#### About this exercise
When copying the listing below, skip every picture and keep each word as it stands.

#### Supplied material
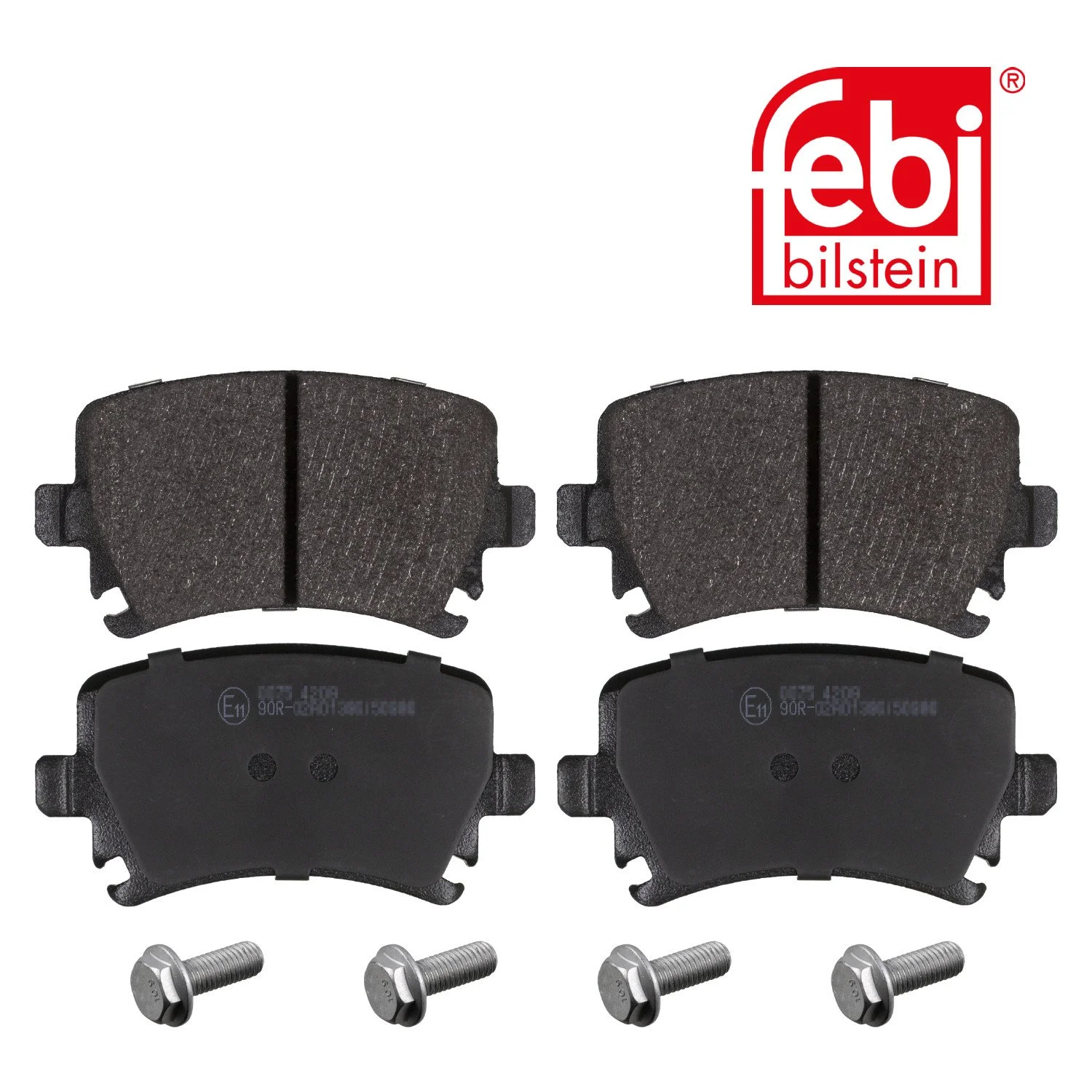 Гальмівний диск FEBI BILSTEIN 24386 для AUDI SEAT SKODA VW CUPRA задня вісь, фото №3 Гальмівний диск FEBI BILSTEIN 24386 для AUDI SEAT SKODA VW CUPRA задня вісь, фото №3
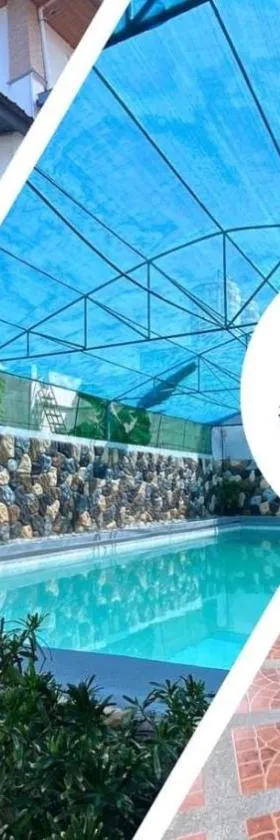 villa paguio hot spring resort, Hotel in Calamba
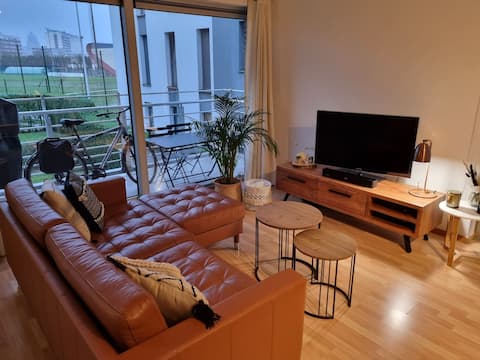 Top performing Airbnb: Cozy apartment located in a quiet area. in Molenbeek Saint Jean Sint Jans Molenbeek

#### Result
 Гальмівний диск FEBI BILSTEIN 24386 для AUDI SEAT SKODA VW CUPRA задня вісь, фото №3 Гальмівний диск FEBI BILSTEIN 24386 для AUDI SEAT SKODA VW CUPRA задня вісь, фото №3
 villa paguio hot spring resort, Hotel in Calamba
 Top performing Airbnb: Cozy apartment located in a quiet area. in Molenbeek Saint Jean Sint Jans Molenbeek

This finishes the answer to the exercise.